There is clear evidence that Dover Council have deprived me of my right to procedural fairness throughout the duration of this dispute but particularly so when they took the decision to demolish my home.
I did not establish a home without planning permission because that already lawfully existed and had done so for 56 years. Prior to the demolition I placed a mobile home adjacent to the bungalow so continuing, uninterrupted, the lawful residential use of the land.
Soon after Dover Council had demolished my home they erroneously took action to remove the mobile home that was legally sited. Subsequently they wrongfully issued an enforcement notice on the 27 February 1990, ordering its removal.
Due to the years of stress and extreme disruption to my family’s life leading up to the demolition of our home and the ongoing harassment and threat of litigation from the Council after the demolition, my family broke up. After my partner left I gave up the fight and moved away from the site. Up until that time I had neither the knowledge nor financial ability to fight the unlawful action that had been taken against me and it is now apparent the Council preyed on that fact.
Residential rating assessments continued to be issued until this day.
In my absence the site of my former home became a local rubbish tip and scrap vehicles accumulated on the land. It became an eyesore, an annoyance to local residents and the subject of further enforcement action, which required me as owner of the site to clear it even though this situation was a direct result of the council demolishing my home.

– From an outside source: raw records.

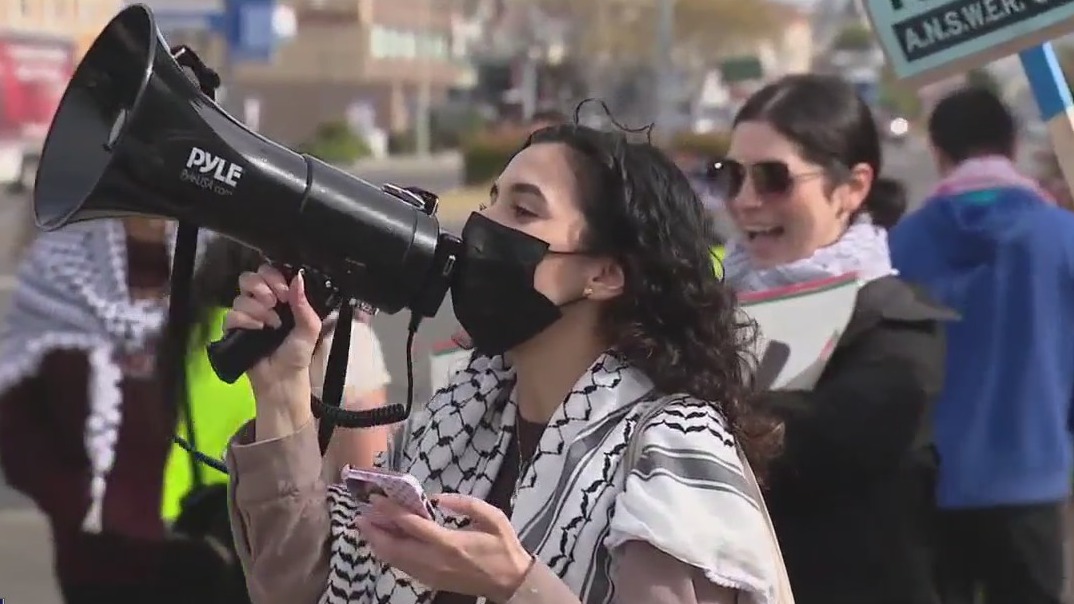 San Bruno Muslims protest mayor over denial request during Ramadan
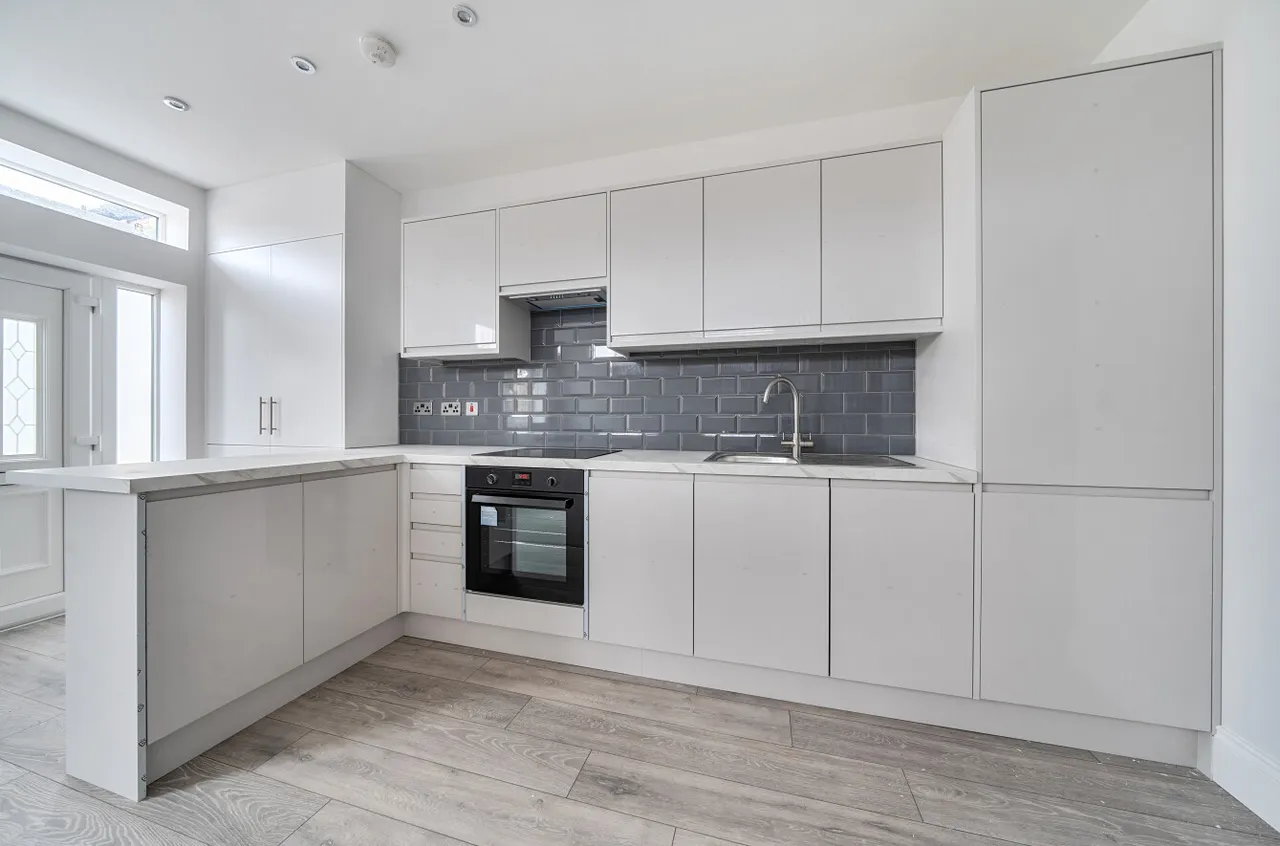 Pickford Lane, Bexleyheath, DA7, photo 2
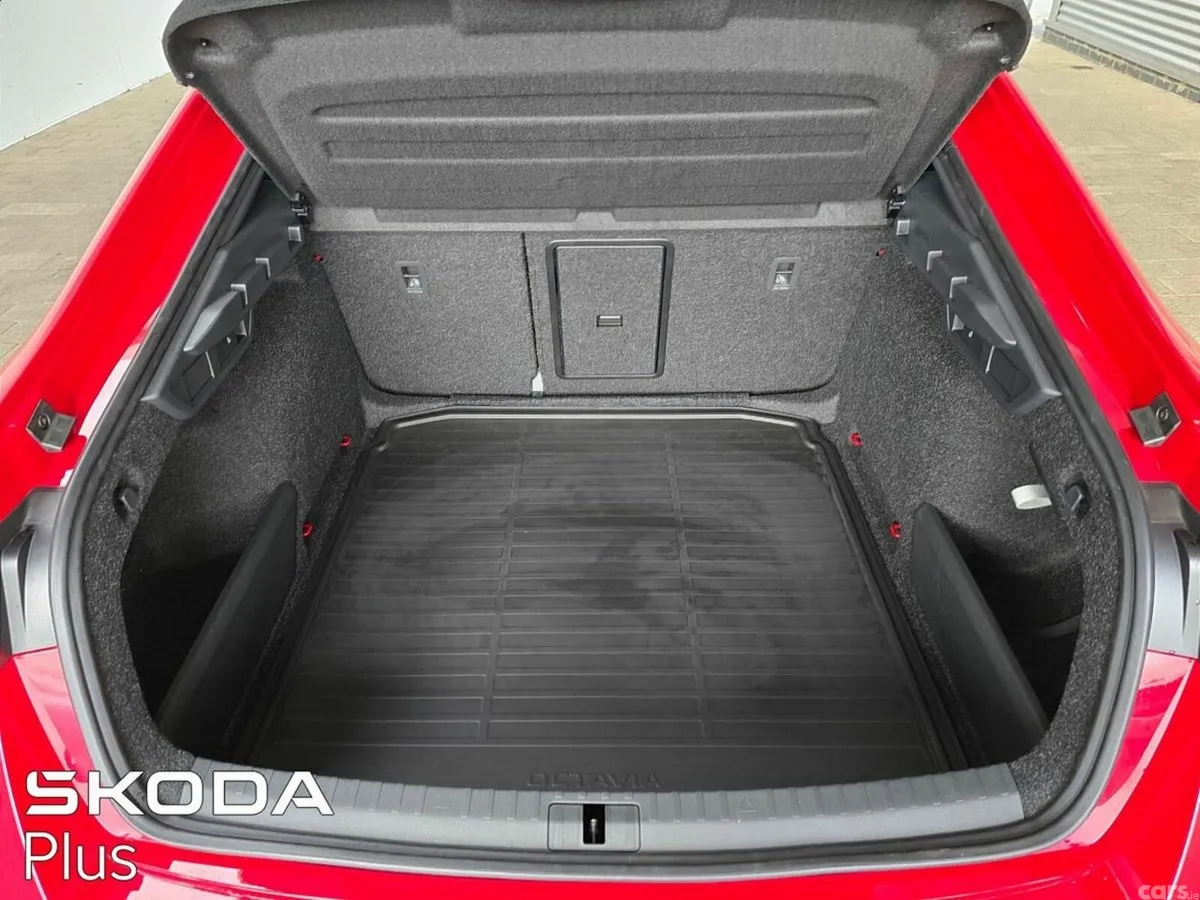 Skoda Octavia Saloon, Diesel, 2027, Red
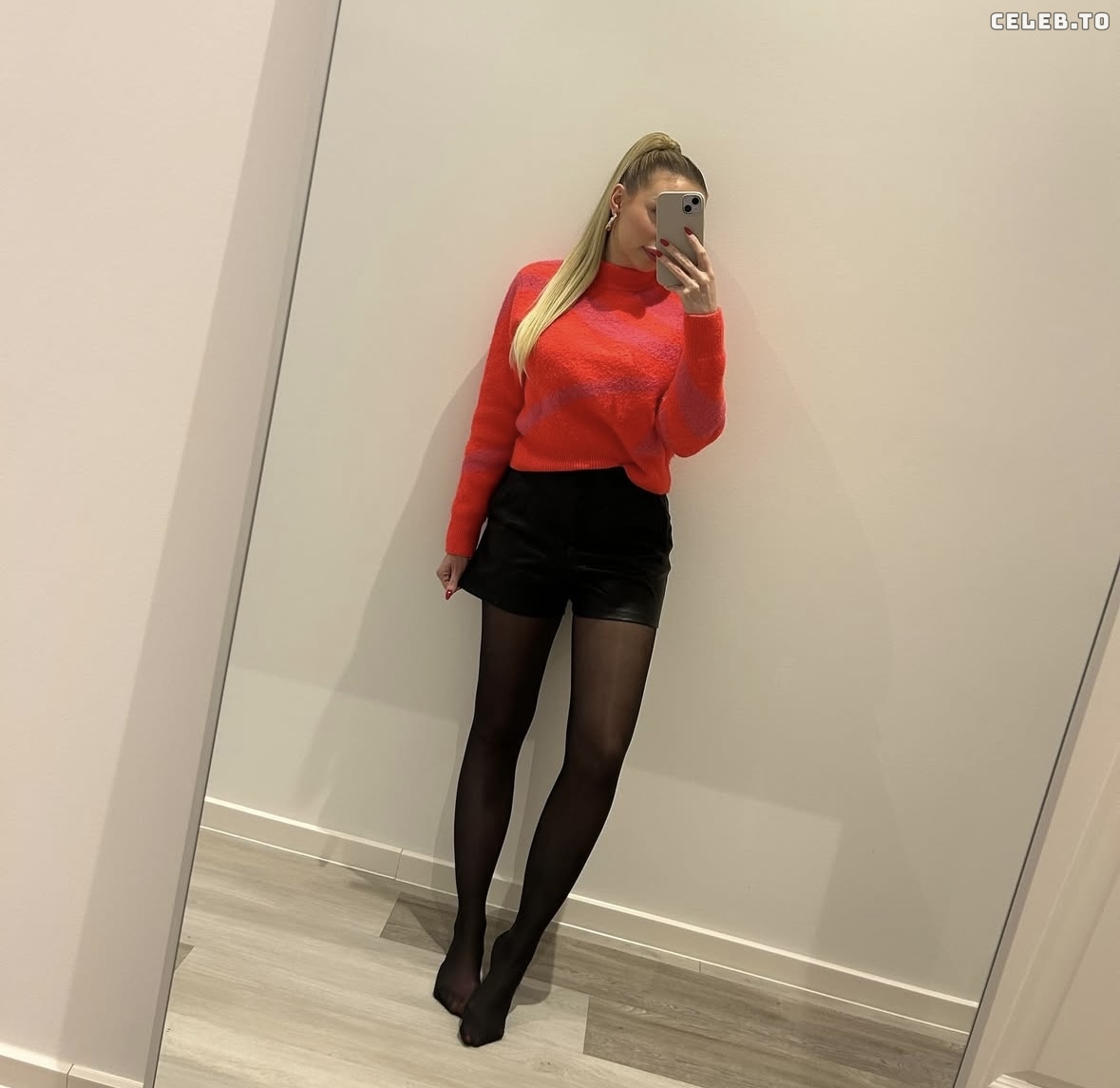 Image 3392641 from Lilou Loves Nylon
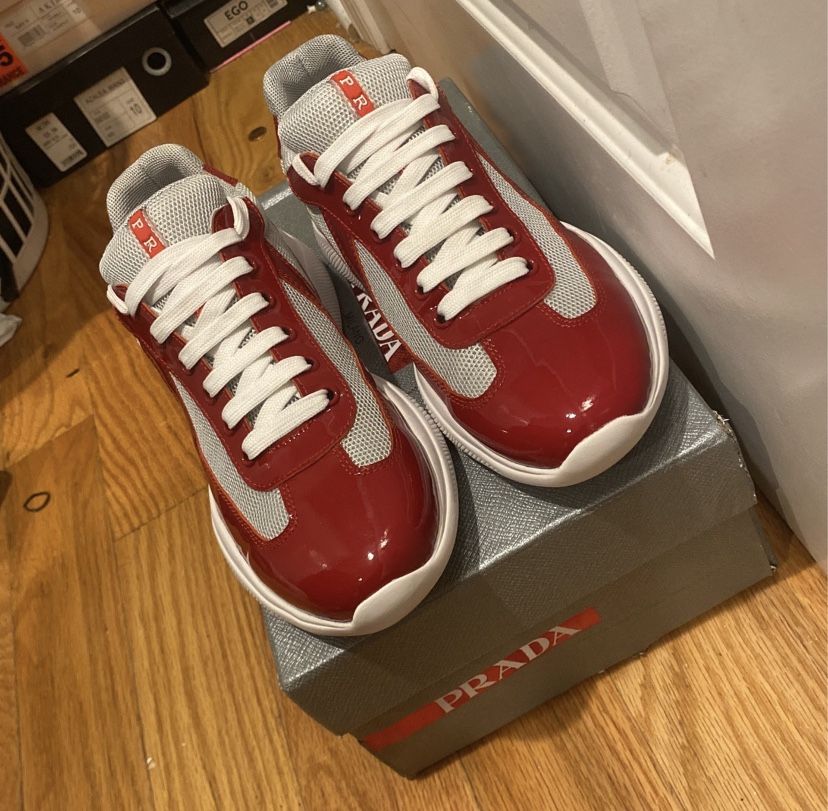 Prada Size 40 Or 7 Kinda Run Big Would Fit A 8/8.5
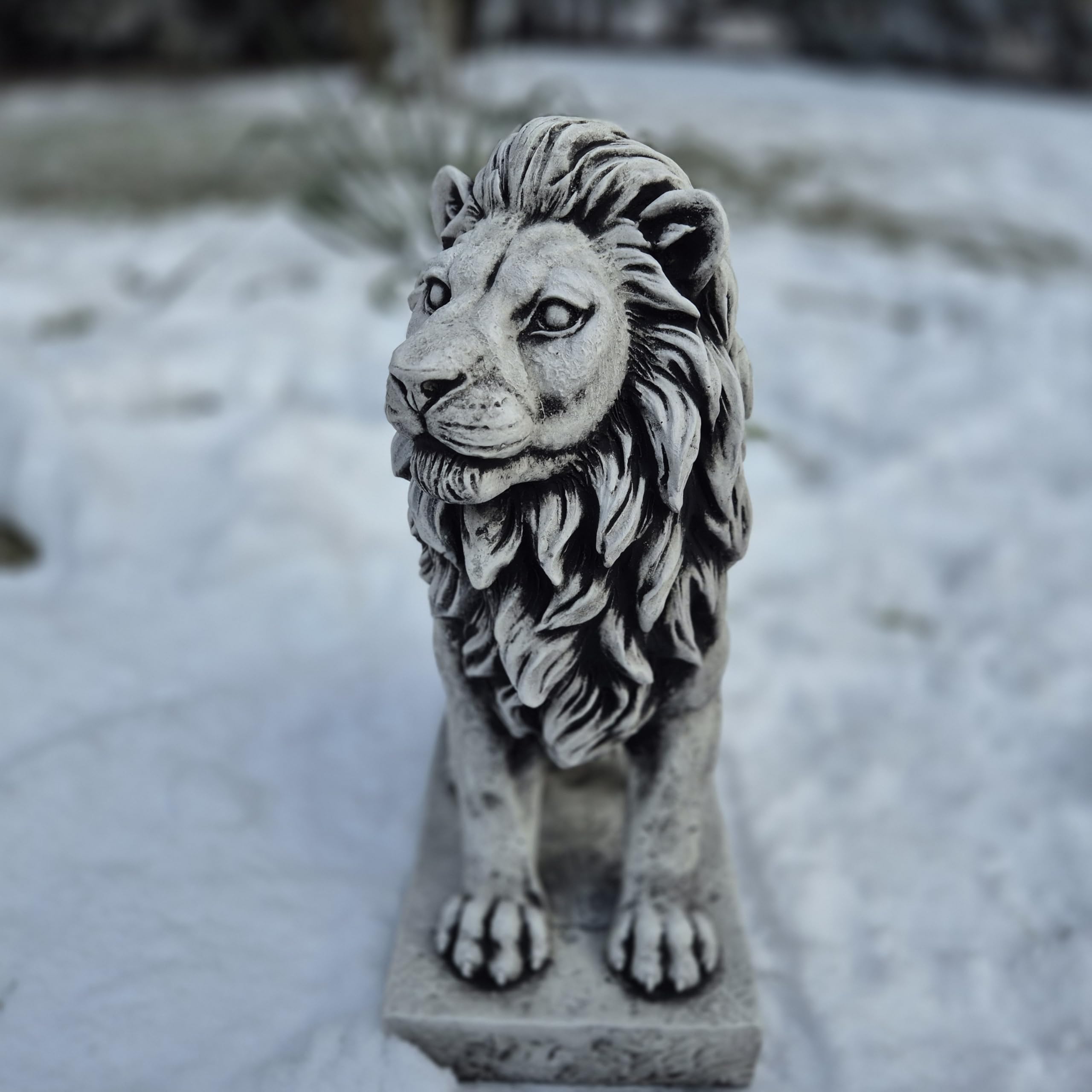FABRIQ Kleiner Garten Löwe Figur Rechts, Steinfigur, Wetterfest, frostsicher aus Steinguss für Außenbereich, massiv 36 cm, 11 kg, shwarz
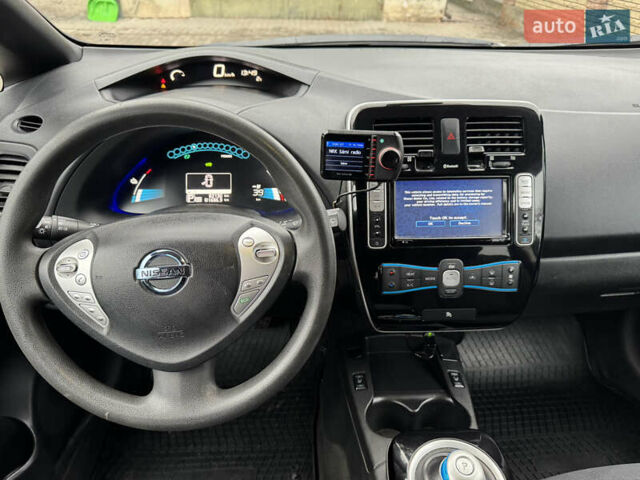 Белый Ниссан Лиф, объемом двигателя 0 л и пробегом 82 тыс. км за 6600 $, фото 10 на Automoto.ua
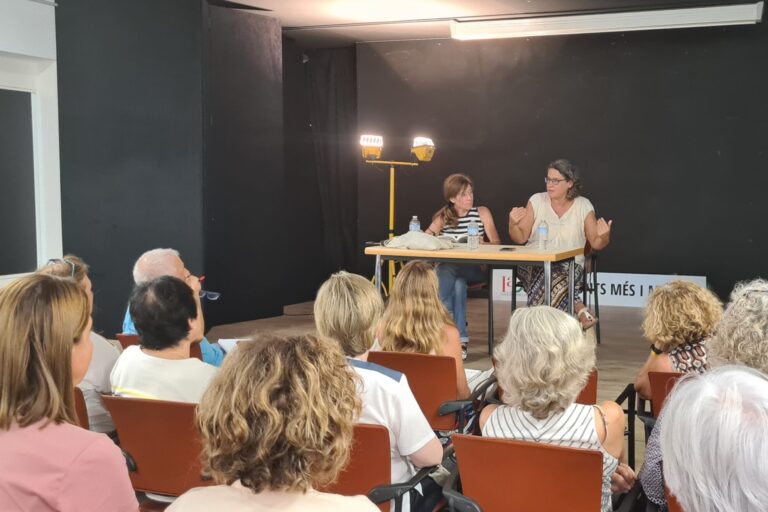 lectura bcn ada castells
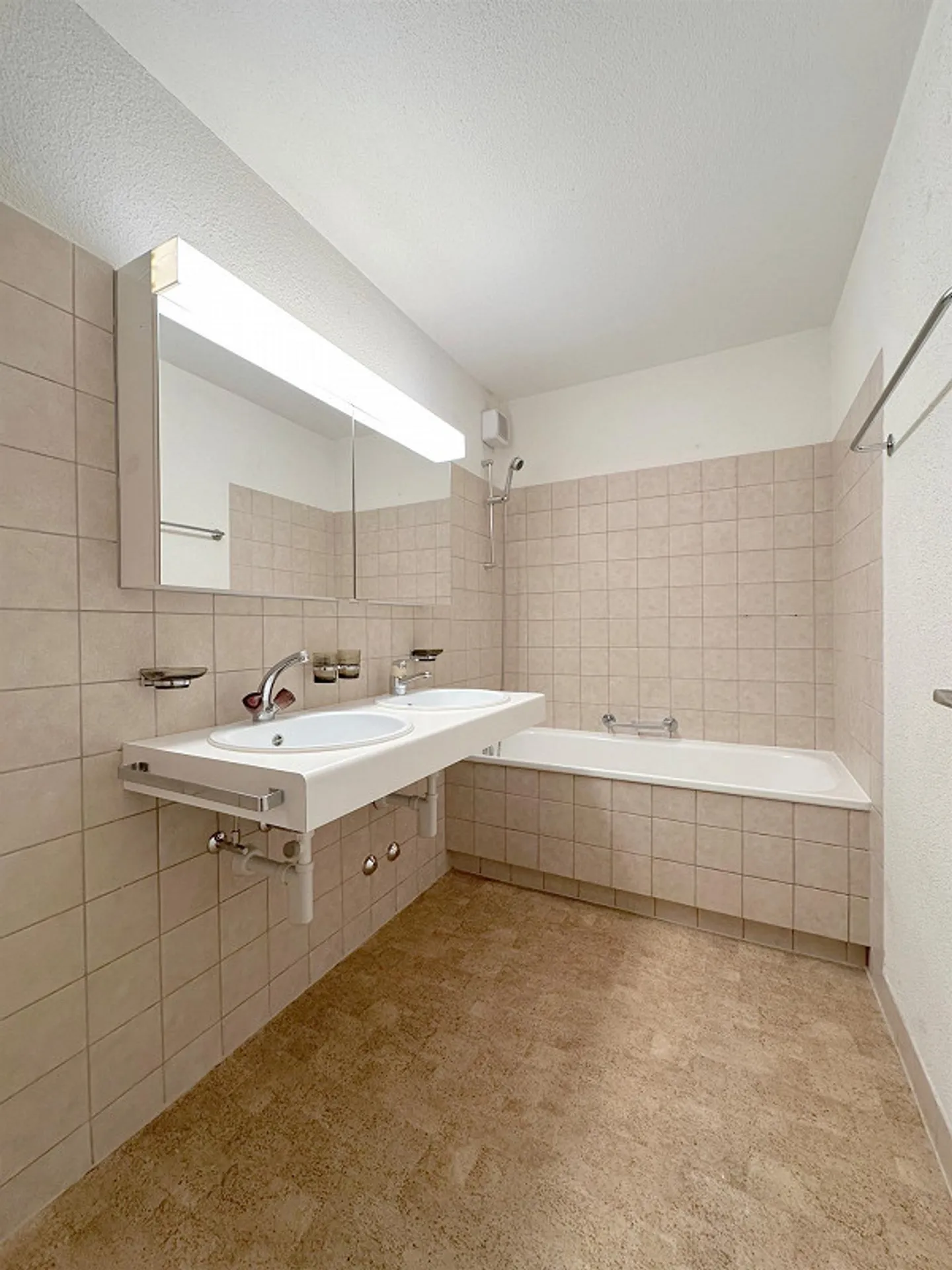 Limitato fino alla fine di maggio 2027! - Foto 8 di 9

The property had been in continuous residential use for over 60 years when the Council demolished it and reduced the land to a rubbish tip. Tim Flisher from the Council’s planning department has since confirmed that residential use is the only lawful use ever ascribed to my property.
On 15th July 2002 I moved back to the site and began clearing all the scrap vehicles and the tons of rubbish that had accumulated, before restoring it to an attractive garden once more. I have continued to live there in a mobile home ever since with the full support of my neighbours but not the Council who are again wrongfully taking enforcement action against me.